The fashion week group that hangs on every whisper of catwalk gossip is always screaming, “Trust us, we have the inside track!” But how can it hope to project authority when it turns out to be wrong? Two weeks ago, Bulgari was forced to apologise for a comment posted on its Facebook page that Marni was its “next partner”. Since the agency Burson-Marsteller is, unfortunately, behind it, there had to be more than a hint of association – even if it was more a misjudged head nod. It was a reminder that industry rumours carry huge weight – even when, in this case, they are unreliable.

The fashion week Bottega Veneta was rumoured to be courting

So, given the salience of gossip, what can we expect when Bottega Veneta makes its first public appearance since the surprise news broke? Might it turn out to be more than just random goss? Can it really replace Michele and Marni? Will it be asked to dress Alessandra Facchinetti, whom Marni ousted this month? The answer is not straightforward. Michele was an artist within the fashion system, his offbeat designs – loaded with a sort of corny radiance – dancing with charm and enthusiasm. For Bottega Veneta to have a full-blown artistic return would be a seismic shift. As a label, it has strong technical credentials – its handmade leather goods are big news for anyone interested in such things. But it has not been part of the fashion world for any significant length of time, and it is very difficult to work in fashion without the credibility of celebrities, clothes magazines and others who’ve been in the game longer. Fashion insiders from the blockbuster houses make very often bad choices when new designers come into the industry; they are completely unprepared for the business that it is.
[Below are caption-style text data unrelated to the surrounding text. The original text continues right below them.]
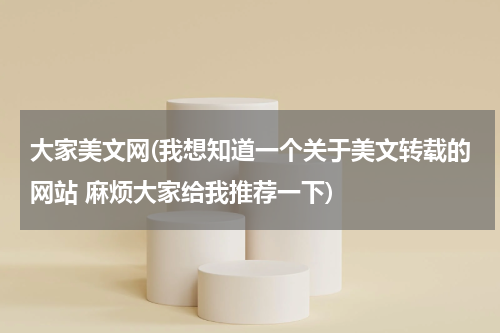大家美文网(我想知道一个关于美文转载的网站 麻烦大家给我推荐一下)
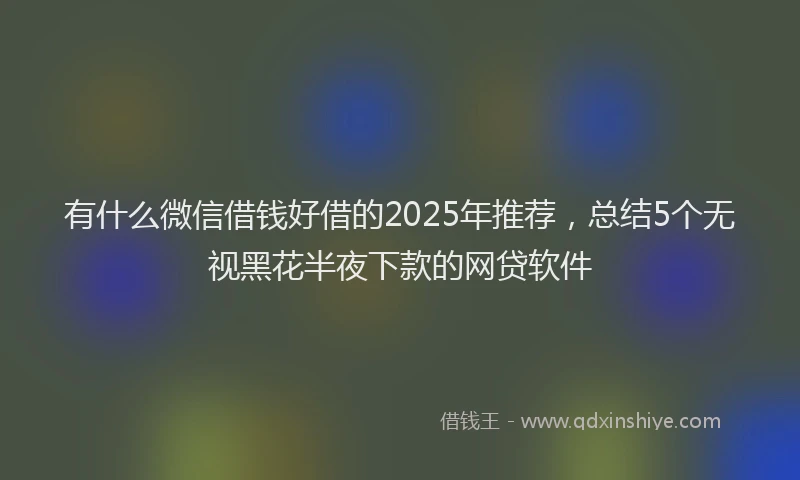 有什么微信借钱好借的2025年推荐，总结5个无视黑花半夜下款的网贷软件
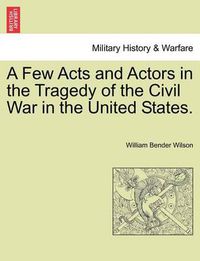 Cover image for A Few Acts and Actors in the Tragedy of the Civil War in the United States.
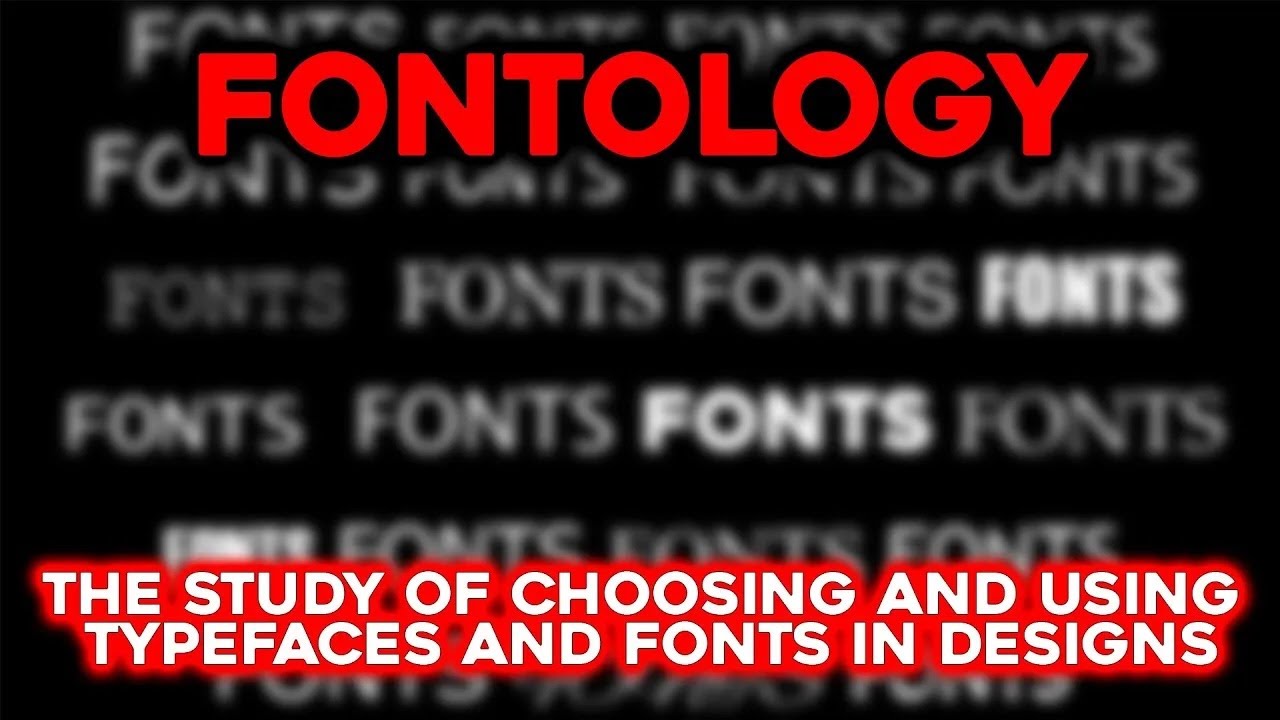 FONTOLOGY: The Art and Science of Fonts in Design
Kate Spade, for example, has great potential – more than has been realised since she was announced as creative director of Coach, but she too is a familiar brand. The same is true of Helmut Lang, another designer who struggled to find an established home outside of the super-luxury world. His own-label collections – beautifully made, fashion-focused – still sell well, and Marc Jacobs, his successor at Louis Vuitton, was a solid retail and retail legend before moving over to the creative chair. But Bottega Veneta does not come with an established cult following like those two. It is a slow-growing house and creative risk-taker Michele was just one reason it had remained off the radar during his tenure. In a week filled with nears, it is disappointing to see them disappoint and miss out on either someone brilliant or a shot at the future.